Problem statement - The data below holds the lines to copy: everything from the line containing "Okvir za krevet" to the line containing "Handcrafted Chitipati Statue", both ends included, set down exactly.

[Data for the task — start]

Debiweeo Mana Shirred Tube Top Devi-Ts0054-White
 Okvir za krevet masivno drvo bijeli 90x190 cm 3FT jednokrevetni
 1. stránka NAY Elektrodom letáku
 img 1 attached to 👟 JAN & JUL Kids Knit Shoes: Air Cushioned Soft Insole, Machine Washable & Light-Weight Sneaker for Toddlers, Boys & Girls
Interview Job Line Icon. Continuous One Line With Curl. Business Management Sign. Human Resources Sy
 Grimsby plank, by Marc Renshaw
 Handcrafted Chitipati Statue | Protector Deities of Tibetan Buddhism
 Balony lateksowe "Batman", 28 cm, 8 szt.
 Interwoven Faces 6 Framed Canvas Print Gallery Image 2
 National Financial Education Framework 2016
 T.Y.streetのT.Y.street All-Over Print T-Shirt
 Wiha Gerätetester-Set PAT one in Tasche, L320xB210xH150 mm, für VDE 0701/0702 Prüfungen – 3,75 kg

[Data for the task — finish]

Answer box -
 Okvir za krevet masivno drvo bijeli 90x190 cm 3FT jednokrevetni
 1. stránka NAY Elektrodom letáku
 img 1 attached to 👟 JAN & JUL Kids Knit Shoes: Air Cushioned Soft Insole, Machine Washable & Light-Weight Sneaker for Toddlers, Boys & Girls
Interview Job Line Icon. Continuous One Line With Curl. Business Management Sign. Human Resources Sy
 Grimsby plank, by Marc Renshaw
 Handcrafted Chitipati Statue | Protector Deities of Tibetan Buddhism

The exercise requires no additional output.